I rummaged through a stack of loose PS2 discs and decided that Madden NFL 2003 would be a good place to start.
My mission to pen the ultimate retrospective on the Madden series was quickly derailed, however, as the main menu loaded up and “Party Hard” by Andrew WK began to blare through my television speakers.
There is perhaps no musician more important to who I am as a person than Andrew WK. It isn’t because his music is particularly profound — because it definitely isn’t. There’s nary a bit of room for philosophical musing or intricate musicianship between the roughly seven hundred layers of way-too-distorted guitars and immeasurable amounts of silliness.

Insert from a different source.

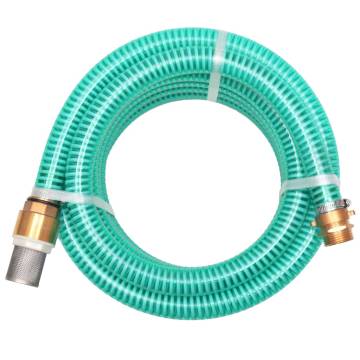  Suction Hose with Brass Connectors 10 m 25 mm Green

Yet his debut record, I Get Wet, helped me figure out who I am as a person. It spoke to me in ways the most thoughtful, poetic, and progressive music never could. It helped me embrace the charismatic absurdity hidden inside of me and has been a defining trait of my personality ever since.
So hearing “Party Hard” brought me back to when I was sixteen years old and watched Andrew WK headbang his skull to mush in a wheelchair and absolutely not give a fuck about what anyone thought about it at the inaugural Spike Video Game Awards in 2003.
I was sure it was the coolest thing anyone ever did, and it inspired me to begin to pick up a guitar and begin making my own music. I scarcely played another video game for about six years as I slowly crafted my own unique sonic stylings.
So there I was, my brain flooded with memories of better years gone by and some seriously epic parties that my CD copy of I Get Wet provided the soundtrack for. I let the song finish, shut off the PS2, grabbed my whiskey out of the fridge (Windsor Black Cherry, because I have very little dignity and even less money), and poured myself a drink.
Three hours later, I was positively drunk and watching awful 1980s heavy metal music videos on YouTube. I had Madden NFL 2003 to blame for that.
I realize that you almost certainly didn’t come to Retrovolve to read about which rock and roll musicians, like, really spoke to my soul, man. So in order to carry out my responsibility to provide some sort of retro video game analysis, contrived or otherwise, I declare EA Sports’ 2003 edition of Madden to be to be the greatest to date.
And yes, that merit was earned entirely as a result of my unwavering love for heavy metal and shitty booze.